撫子の花びらたち

すべての出会いは幸せのためであってほしい

3−1

 電話をかけた。私から・・・!あの男へ・・!ずいぶん久しぶりで
携帯を持つ指が震えそうだったけれど、約束をとりつけるまで何とか
普通の声でいることができた・・・と思う。


 あの男は何も変わらない。冷たいほどに優しい。いつもはそれが
私をイラつかせるのだが、今日はそれもありがたかった。気づいて
いようがいまいが、変わらずにいてくれる・・それも優しさだと
受け取っておこうと思う。


 約束は週末の夜。

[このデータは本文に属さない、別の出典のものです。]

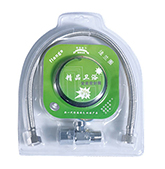 T805D14T805D3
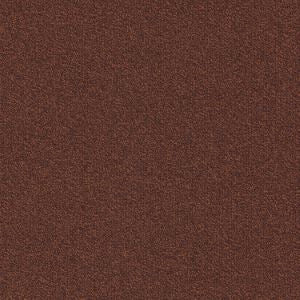 Millennium Nxtgen - Carpet Tiles - Flooring Direct Greenlane
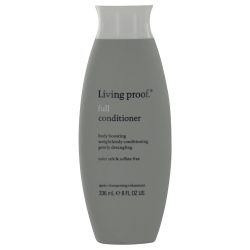 Full Conditioner 8 Oz - Living Proof By Living Proof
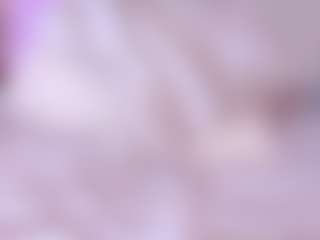 Live cam show with cherlynn - Fuck on liverealitysex.com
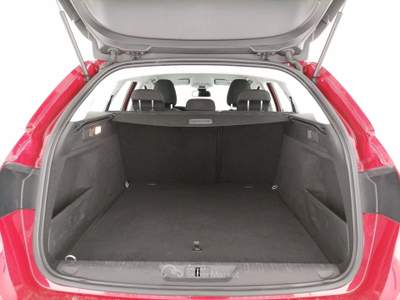 Peugeot 308 SW 1.5 bluehdi Active Business s&s 130cv my20 Rosso usata Roma
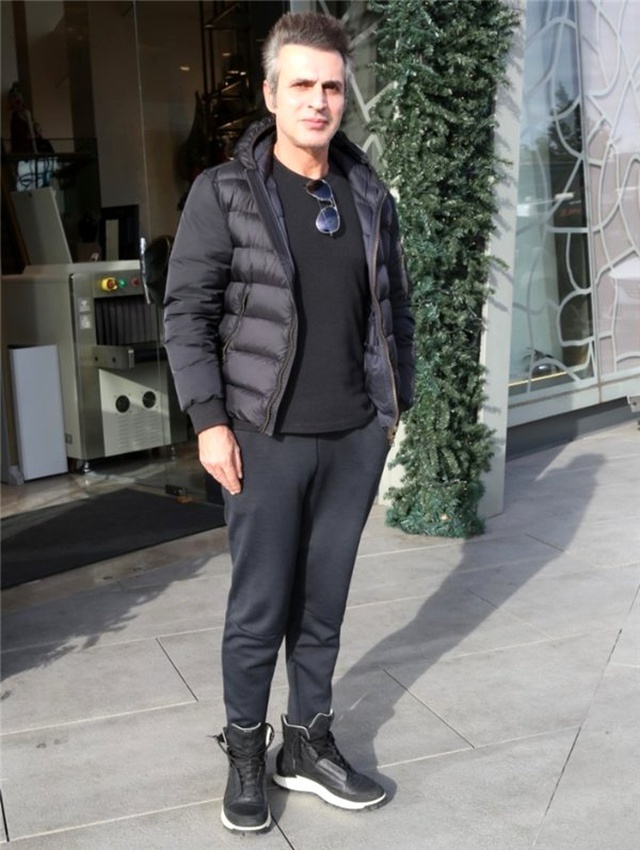  <a class='keyword-sd' href='/teoman/' title='Teoman'>Teoman</a>: Konserleri azaltacağım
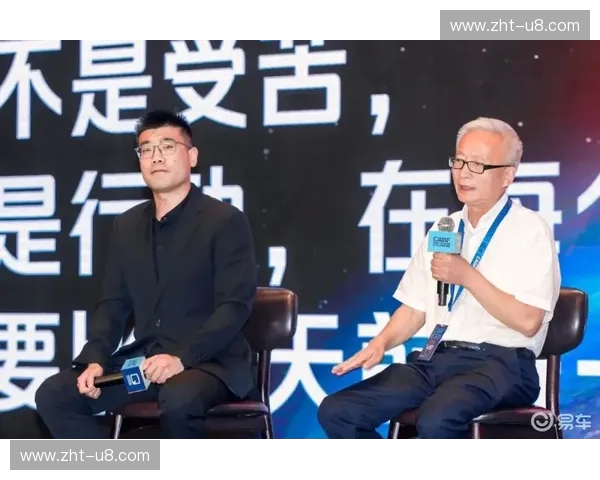 强强对话，谁主沉浮？李壮壮vs江通猜，一场颠覆认知的较量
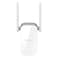 D-Link Wi-Fi Range Extender AC1200 DAP-1610 White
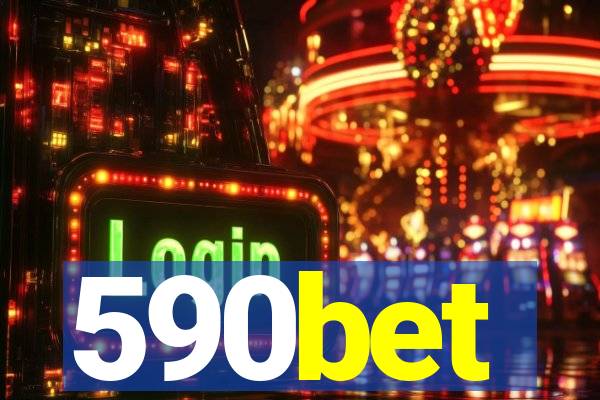 590bet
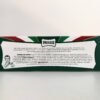 Crema de afeitar en tubo Proraso verde refrescante 150 ml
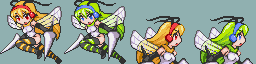 beedrill_zps2657dfb3.png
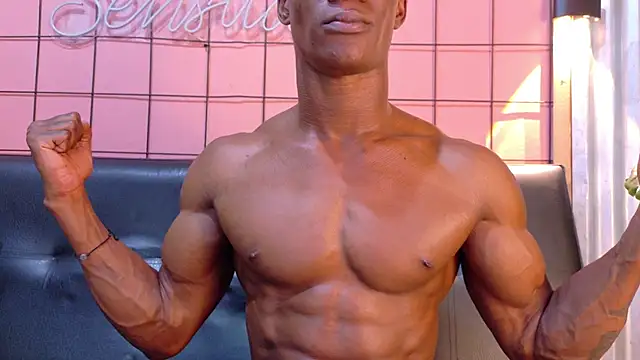 martin_killer webcam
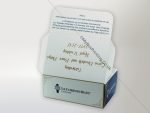Branded Cake Slice Packaging Boxes - Image 5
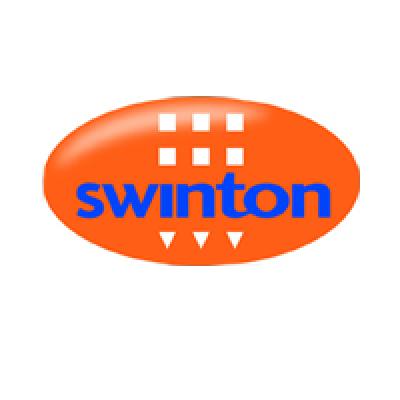 Swinton image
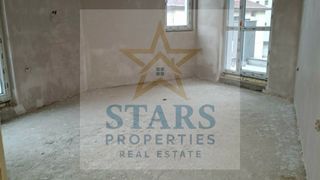 Тристаен Продажби, Варна (4)
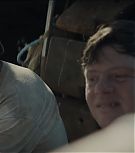 2019-Shia-LaBeouf-as-Tyler-in-The-Peanut-Butter-Falcon-HD-Screencaptures-1044.jpg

食事をして・・どこで軽く飲もうか?そんなこと
を考えていたら夕方メールが届いた。仕事が長引いて遅くなると・・。
ドキドキしていた落ち着かない気持ちが行き場を失って心の中で渦を
巻いている。本屋で時間を潰す。落ち着かないまま手当たり次第に
本を手に取っては大して中身も見ずにまた棚へ返すことを何度か繰り
返す。お茶でも飲んでゆっくりしよう。そう思ってビルの外に出る。


 辺りは春の湿った風が満ちていた。時折その重さを吹き払うように
乱暴な風が吹く。そんな風に背中を押されるように歩いて、ふと
気づくとあの喫茶店の前に来ていた。男と初めて入った店だ。もう
季節はぐるりと巡ったというのに、この店にはあれから一度も来て
いなかった。


 重いドアを開ける。とたんに違う世界の匂いになる。


 言葉少なにコーヒーを頼み、ぼんやりと目の前にある絵を眺めて
いた。淡い美しい色彩で描かれた、空に赤い風船の浮かぶ絵だった。
 いつの間にか心は静かに凪いで、ひとつの決心のような思い付きが
わたしの頭の中を占領しているのだった。